For most U.S. audiences, though, the strength and toughness of southern Spanish women and dead flamenco giants may not be the first qualities that leap to mind at the mention of Cruz's name. The 32-year-old actress is probably best known here for being pretty, for starring in some blockbuster stinkers ("Captain Corelli's Mandolin," "Sahara"), and for a pair of high-profile tabloid couplings (Tom Cruise, Matthew McConaughey).

A different image abroad

YET beyond the shores of stateside celebrity, we see a very different Cruz: a veteran of more than 40 films in four languages (Spanish, English, French and Italian) who has grown into one of international cinema's most artistically risk-ready performers. Her exceptional work as an anti-Nazi Spanish actress in Fernando Trueba's 1998 "La Nina de Tus Ojos" (The Girl of Your Dreams) earned her a Goya for best actress, and in 2004 she won the same honor from the Academy of European Cinema for her melancholic turn as a love-wrecked hotel maid in Sergio Castellitto's "Non Ti Muovere" (Don't Move).

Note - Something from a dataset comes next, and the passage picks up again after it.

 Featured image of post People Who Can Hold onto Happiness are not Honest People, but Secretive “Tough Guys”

"The press always wants to invent the story that I left Europe to go Hollywood or something like that," she says with a laugh, rolling her eyes. "That never happened. I would never stop working in my country or in Europe. That would be the most stupid decision. I feel very grateful that I can work in America, but I want to keep combining it. I did all my first castings in Europe. I never came here with my luggage and said I'm staying."

Cruz hopes that her latest starring role, as "Volver's" tough and tireless working-class mom Raimunda, will finally change the way American audiences see her. It already seems to be working. After earning a best actress prize at Cannes (an ensemble award given to the film's entire female cast), Cruz was honored at the Hollywood Film Festival as best actress of the year, and Oscar whispers have been trailing her ever since the film, which opens here Friday, started screening.

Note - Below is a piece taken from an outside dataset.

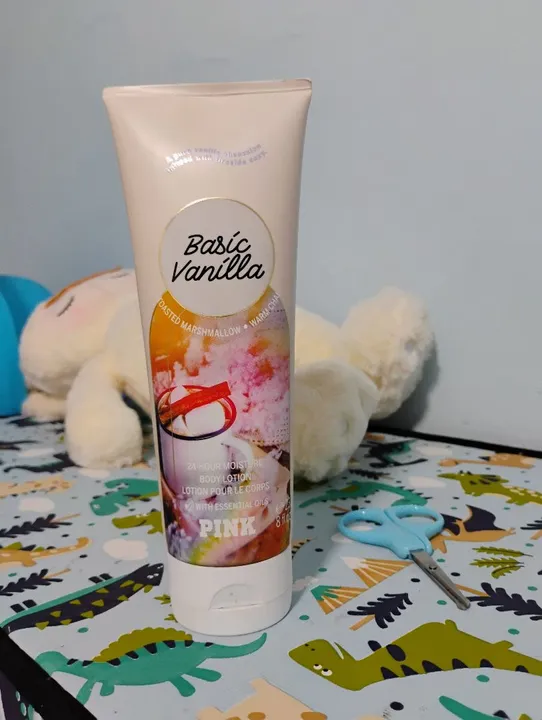Loção Corporal Basic Vanilla - Pink Victoria's secret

"I'm really glad that people prefer it when I do characters like Raimunda," she says. "I just love that woman. I have seen those women, who could easily become victims but refuse to do that. She goes through things that could have destroyed anyone but she keeps fighting because her daughter needs her to survive. I know women like that. So you forget about yourself because you are playing a woman who is actually an hommage to all those women who have survived. They are very special people, and I wanted to give her that dignity."

'She was very real'

THE first time Cruz worked with Pedro Almodovar, in 1997's "Carne Tremula" (Live Flesh), she played a teen prostitute screaming and grunting her way through childbirth on a Madrid bus. The second time, in 1999's "Todo Sobre Mi Madre" (All About My Mother), she was a pregnant, HIV-positive nun. While "Volver's" Raimunda seems far simpler on paper -- a mother who becomes enmeshed in the secrets of her family's past -- she is actually the most complex of all of her Almodovar characters, a subtle mix of hushed nobility and devastating force. Raimunda is a career-making role, and Cruz plays her, alongside veteran Almodovar actress Carmen Maura, with an emotional depth that few might have trusted she could pull off.

Few, that is, except Almodovar himself.